How many of these sacrifices were performed at one time? In the Gemara, we hear a story that one year King Agrippa—whether the first or the second is not clear; both reigned in the first century C.E.—ordered the high priest to count the number of offerings, as an indirect way of taking a census of the population. The high priest “took a kidney from each one” of the offerings, and when he counted them there were 1.2 million kidneys. This seems manifestly impossible: How could the priests possibly have slaughtered so many beasts in one place in one day? But if ancient statistics are always unreliable, the number does at least jibe with those given for the Jewish population in Josephus’ The Jewish War. However we interpret the figures, we have to imagine a scene of extreme carnage. “It is a credit to the sons of Aaron,” we learn in Pesachim 65b, “that they walk in blood up to their knees.”
When you go to Temple on Rosh Hashanah and hear the shofar, then, remember that the blast of the ram’s horn was not meant to be heard in an air-conditioned sanctuary full of well-behaved people in nice clothes. It was meant to resound above the cries of slaughtered animals, mingling with the words of the Hallel, which the Israelites would recite as the sacrifices took place. And those sacrifices were not metaphorical or symbolic: The blood of the slaughtered animal was itself supposed to atone for the sins of the people. Unless it was splashed on the altar in just the right way, the Talmud makes clear in its long discussions, God would not accept it.
Reading about the Passover offering in such detail, I could not help but wonder how far the Talmudic description matched what actually went on the Temple. After all, the Mishnah was not written down for a century after the Temple was destroyed, and the Talmud not for another few hundred years after that. Is the detail of the gold and silver bowls a tradition faithfully handed down over the generations, or an invention of the rabbis, whose imagination of grandeur conjured up such accoutrements?

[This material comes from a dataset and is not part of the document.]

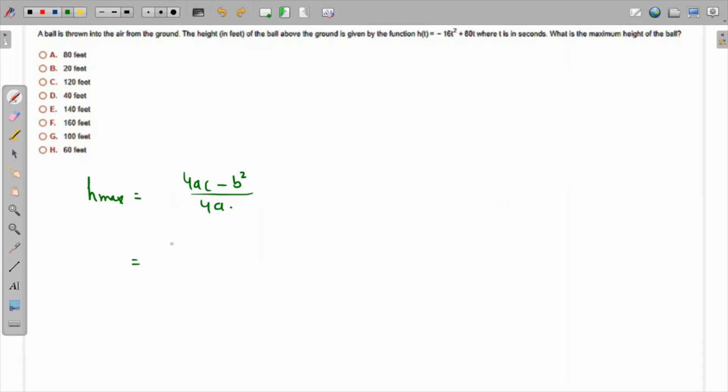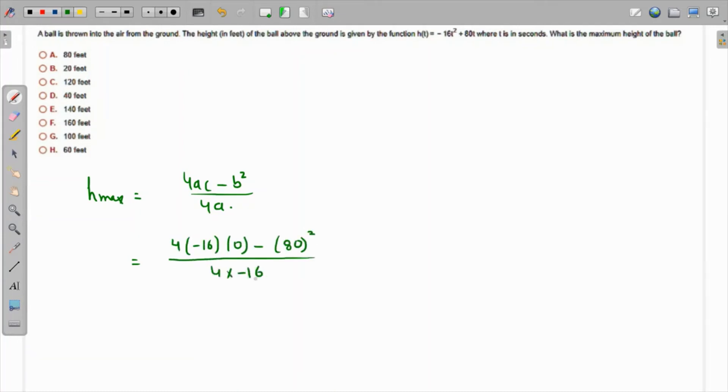going to do is substitute these values. So that's 4 times a is negative 16, times c is 0, minus b squared. b is 80, over 4 times a which is again negative 16. So that's 0 minus 80 squared is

Perhaps what matters most is not whether the rabbis were right in every detail but the sheer fact that they continued to learn and debate the details of Temple procedure, even though they would never see a sacrifice performed in their lifetimes. They argue at length, for example, about whether a Passover sacrifice offered in the name of a group of people is still valid even if some of those people turn out to be ritually ineligible to eat it—because they are too old or sick, or carry tumah, or are uncircumcised.
This seems like the very definition of a hypothetical discussion; but to the rabbis, it wasn’t necessarily so. After all, they believed with certainty that one day the Messiah would come and rebuild the Temple, and then all the knowledge they had so carefully preserved would once again come into practice. In the meantime, studying the laws of the Temple would be a replacement for the Temple itself: Instead of bowls full of blood, the rabbis offered up minds full of Torah. Once Judaism made that exchange, however, it’s hard to imagine ever going back—which may explain why, except for a few fanatics, Jews today have no intention of trying to build a Third Temple.